I felt a wave of sympathy for the boy. I could tell that I liked him, already, and the thought that he didn't really have a home only deepened my instincts to mother him. "Well, come on then. I think my husband said he was cooking tonight."
"Thanks, Mrs. Eis-"
"Cassie, please," I responded.
And so, Nathaniel began to make his way into our family. As the four of us sat there in silence, my daughter cleared her throat. "So, do you know anything about your parents?" Katie asked, ever without tact.
He closed his eyes briefly. "I know my mother was black, and my father white, much like yours," he said, looking at Katie. "I know where they went to school, and what they majored in, and things like that, but statistics don't account for much. I would have liked to get to know them, and I wish I could remember for myself what they were like."
His eyes were on me then, full and hazel, and something flickered upon his face. At the time I took it for longing. But I couldn't help thinking of my own son, Thomas, taken from me by a curse of the blue box. I did the math in my head. He was about the same age as Thomas, and looking at him opened up fresh wounds, and the question that buzzed in my head since that terrible day I discovered he couldn't stay with me: when will I see you again, my son?
Nathaniel left after the meal. I asked him if he wanted a ride, but he said he needed the exercise, and didn't live to far away. But as I stood on the stoop after he disappeared into darkness, I could have sworn I heard wings.
Chapter 5- Tobias
"Are you almost ready?" I asked Rachel as she brushed her teeth. "We're going to be late!"
She walked out of the bathroom and kissed me softly, tasting of fluoride and mint. The corners of her lips turned up in the slightest, most mischievous of smiles. "Jake wouldn't mind if we're slightly late to one meeting."
I slid one hand around her waist, and brushed a strand of hair out of her face. "We've been slightly late to every meeting since Jake and Cassie moved in together."
She pulled me closer, and mint filled my nose entirely. "It's all their fault for getting themselves engaged and politely kicking me out. Cassie never distracted me as much as you do, when she and I shared an apartment."
"I would hope not," I said, brushing my lips on hers before pulling away and beginning to demorph. "Now let's g-" I said, stopping abruptly as a beak appeared on my face.
She began her morph to eagle, graceful human features giving way to the powerful, but no less graceful form of an eagle.

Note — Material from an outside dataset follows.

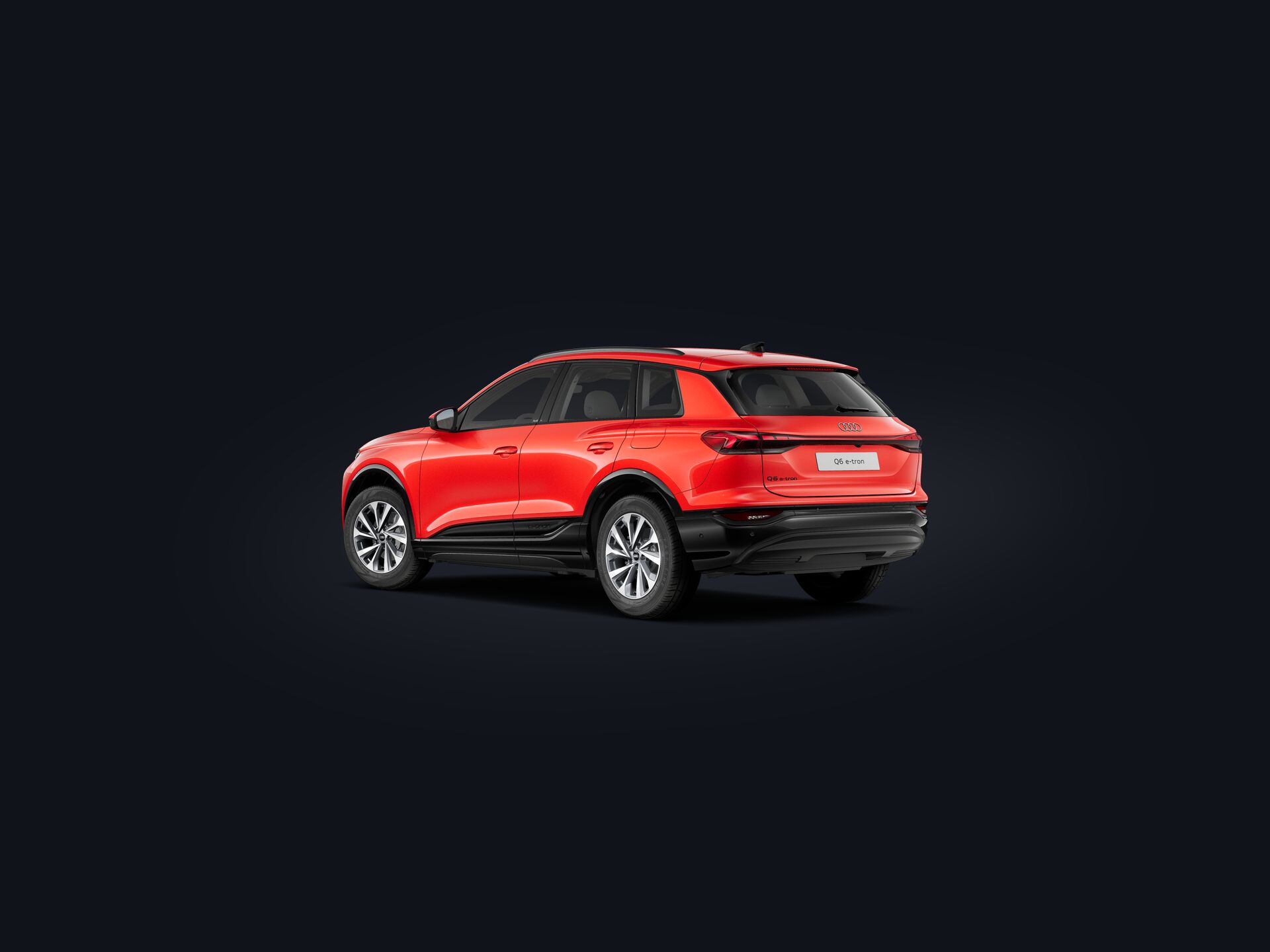 Q6 SUV e-tron 3/4 rear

Wings had just begun to appear from arms when-
"Arrrrrrreeeeeeeehhhhhh!" she yelled in a horrifying yell that was equally human and eagle.
Rachel! I called, beginning to morph to human as quickly as I could. Morph out!

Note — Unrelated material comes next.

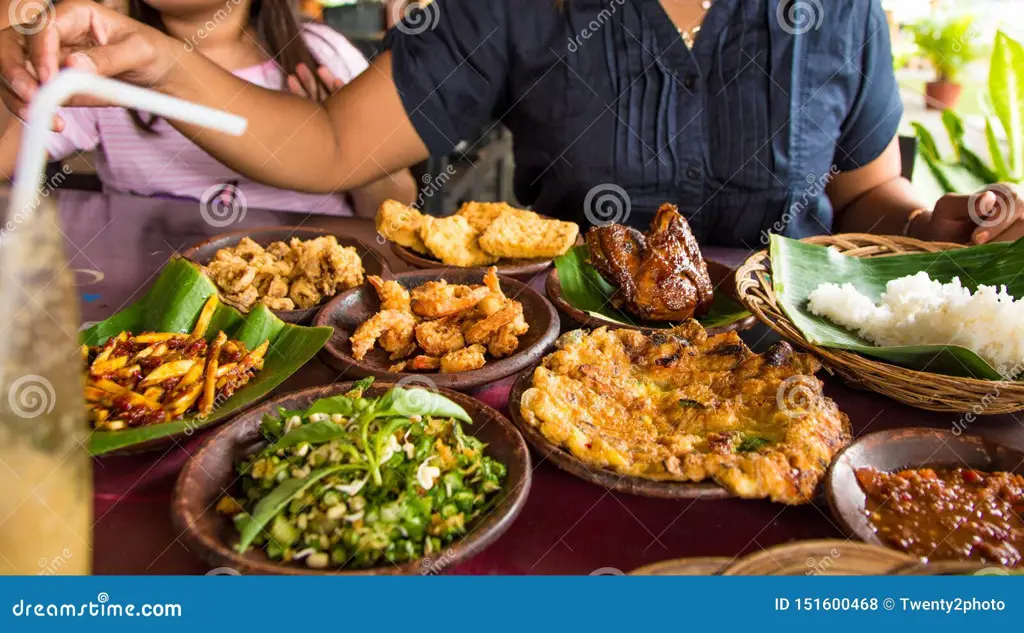 Meja makan yang dipenuhi berbagai hidangan khas Indonesia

She was paler than usual when she finally demorphed. "That was like no pain I've ever felt before," she said, resting her hands on her abdomen protectively.
She tried again, with the same results.
"We'll take the car, " I assured her.
Needless to say, we were very late. We all still met in Ax's scoop, because we figure that no one's apartment was completely safe, what with people living on all sides. We couldn't drive to Cassie's farm and park there, because her parents would be suspicious as to why we were tramping around in their woods, so we had to drive to the state park parking lot, and hike all the way out to the scoop.
When we arrived, over an hour late, Marco smirked. "Too busy to come to a meeting?" he asked. I ignored the innuendo.
"We were worried sick," said Jake pointedly. "You cannot arrive late to meetings without good reason."
"We had one," said Rachel bristling. Then she quieted, realizing that to tell why would reveal that she felt normal human sensations like, say, pain.
"And?" said Cassie, waiting.
Rachel looked at me. "Rachel can't morph," I explained.
"What?" asked the others in semi-unison.
She sighed. "I mean, I can, but I can only get half way. And then, there's this pain. It's worse than anything I've ever felt. I can barely concentrate hard enough to morph out."
"A Yeerk weapon?" asked Jake, looking at Ax.
Where is the pain? asked Ax, focusing on Rachel.
She placed her hands on her stomach. "It stabs me right here."
Based on my knowledge of human anatomy and Andalite science, I do not believe this problem is due to the Yeerks. I believe the cause of this problem is easily found. Rachel, he began, in the last 60 to 48 hours or so, have you and Tobias… he paused, thinking for a second participated in the human mating ritual the humans on The Young and the Restless participate in often?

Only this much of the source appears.